2019-01-24 22:37:29阿盛

【文友新作】校園舊事 — 劉鈺





     多年前,我獨自一人到台北補習,租屋處距台大校園不遠。我常到舟山路側門邊的宿舍餐廳吃飯。掌杓的胖師傅,穿著一件油膩的圍裙,脖子上圍著一條毛巾,炒菜時,右手拿著一個大鐵勺,舀一瓢豬油放入大鐵鍋中,隨即把肉絲丟入爆炒,同時撒上青菜攪兩下出鍋;接著左手在鍋邊敲裂一個蛋,單手掰開蛋殼,把蛋滑入油鍋中,煎得滋滋作響。豬油加上蛋香,讓人食指大動,飯桶放在餐廳中央,白飯隨意吃。

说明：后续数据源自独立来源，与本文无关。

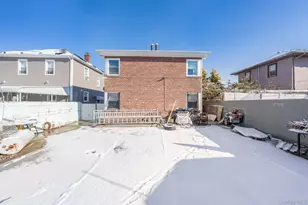 2752 Curtis St, East Elmhurst, NY 11369 - Photo 41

 文學院巍峨的建築讓我很震撼,有晚到研究室找人,我獲准由側門進入,空蕩蕩的大廳,黑暗的長廊,只有自己的腳步聲在空中迴盪。走在這所全台知名的學府內,覺得自己很渺小,想到未來的聯考,心中更加沮喪。除了心情很糟外,臉上長滿了青春痘,帶著滿臉的疤痕走在校園中,也讓我十分困窘。這段期間,雖然每天進出校園,杜鵑花卻像一團團迷霧,無法在腦中留下鮮明的記憶。

 大學畢業後,我回學校進修,在全台各地採集魚類,返回實驗室,開始進行後續的研究工作。早上,由校門口右轉,進入一號館,通過頭頂上方巨大的鯨骨,走到二樓的魚類研究室,把標本取出,放入清水中浸泡,以減輕福馬林的傷害。每天例行測量魚的體長,數鱗片,照X光,數脊椎骨,解剖魚體,取出內臟,觀察其中的形態變化。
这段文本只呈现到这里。